Accanto a questo, un fattore altrettanto significativo è rappresentato dal mercato.
Stando ai dati della Coldiretti, infatti, per i consumatori è sempre più frequente il rischio di trovarsi nel piatto, senza saperlo, castagne straniere provenienti soprattutto da Portogallo, Turchia, Spagna e Grecia. A confermarlo i dati delle importazioni: nel 2019 l’Italia ha importato ben 32,8 milioni di chili di questo frutto. Analoga la situazione anche per i trasformati – per i quali non vi è l’obbligo di etichettatura di origine – e per le farine di castagne che, non avendo un codice doganale specifico, non sono neppure tracciabili, impedendo così di realizzare delle stime. Di qui la richiesta di maggiori controlli da parte delle associazioni che rappresentano i produttori.
Una migliore gestione agronomica, insieme ad un’attività di controllo sull’import, aiuterebbero a raggiungere i trend di qualche anno fa.
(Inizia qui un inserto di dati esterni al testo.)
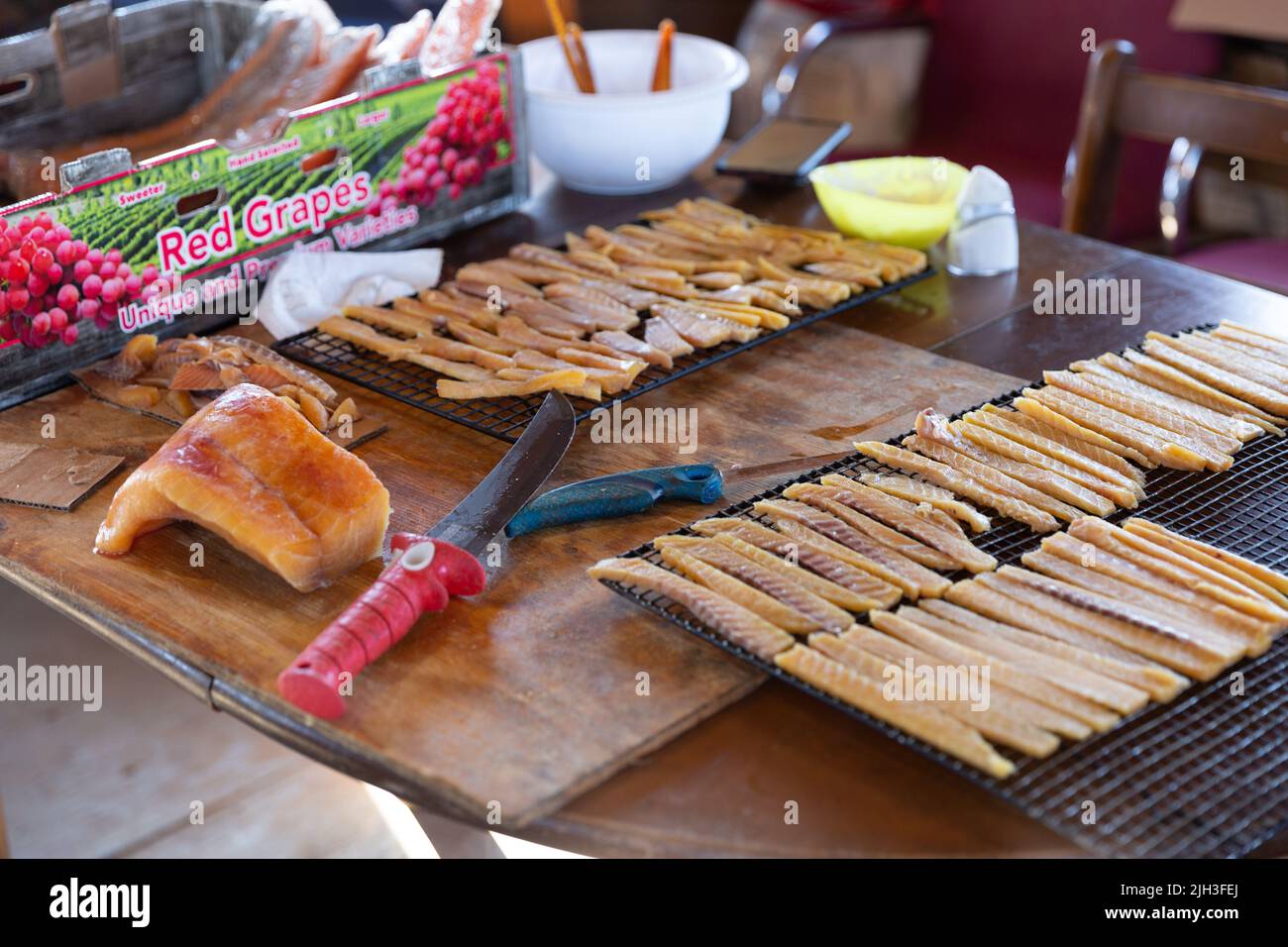 Preparing Lake Trout fish strips, a traditional Indigenous country food, in  Deline, Northwest Territories, Canada. Stock Photo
D’altronde, il ricco panorama di produzioni castanicole di eccellenza di cui gode l’Italia – se valorizzato e incentivato correttamente – potrebbe davvero contribuire a salvaguardare il patrimonio varietale del castagno e a risollevare l’intero comparto.
Un comparto che proprio dal passato potrebbe così ripartire per ritornare ai tempi in cui, come voleva il poeta Giovanni Pascoli, il castagno era “l’italico albero del pane”.